### Required work
Exactly reproduce the line that contains "Harbor avec église" and all lines after it in the entries below, through the very last line.

### Stored items from a collection
BEGIN
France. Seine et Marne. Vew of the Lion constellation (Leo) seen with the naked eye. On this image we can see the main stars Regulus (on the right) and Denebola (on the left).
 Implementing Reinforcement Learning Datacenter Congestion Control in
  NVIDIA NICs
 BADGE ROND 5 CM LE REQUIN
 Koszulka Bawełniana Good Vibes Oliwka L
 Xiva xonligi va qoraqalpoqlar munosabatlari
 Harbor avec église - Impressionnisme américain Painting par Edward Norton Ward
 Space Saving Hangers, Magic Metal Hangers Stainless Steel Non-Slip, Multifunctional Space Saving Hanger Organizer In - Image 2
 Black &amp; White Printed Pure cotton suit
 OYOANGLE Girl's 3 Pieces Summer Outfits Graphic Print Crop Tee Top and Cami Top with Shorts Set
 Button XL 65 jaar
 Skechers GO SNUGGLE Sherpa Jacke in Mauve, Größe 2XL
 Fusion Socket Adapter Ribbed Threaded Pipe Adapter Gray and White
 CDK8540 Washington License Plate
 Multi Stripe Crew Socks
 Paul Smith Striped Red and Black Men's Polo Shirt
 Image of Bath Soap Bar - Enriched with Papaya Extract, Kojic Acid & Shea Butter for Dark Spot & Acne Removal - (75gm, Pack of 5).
END
### Answer box
 Harbor avec église - Impressionnisme américain Painting par Edward Norton Ward
 Space Saving Hangers, Magic Metal Hangers Stainless Steel Non-Slip, Multifunctional Space Saving Hanger Organizer In - Image 2
 Black &amp; White Printed Pure cotton suit
 OYOANGLE Girl's 3 Pieces Summer Outfits Graphic Print Crop Tee Top and Cami Top with Shorts Set
 Button XL 65 jaar
 Skechers GO SNUGGLE Sherpa Jacke in Mauve, Größe 2XL
 Fusion Socket Adapter Ribbed Threaded Pipe Adapter Gray and White
 CDK8540 Washington License Plate
 Multi Stripe Crew Socks
 Paul Smith Striped Red and Black Men's Polo Shirt
 Image of Bath Soap Bar - Enriched with Papaya Extract, Kojic Acid & Shea Butter for Dark Spot & Acne Removal - (75gm, Pack of 5).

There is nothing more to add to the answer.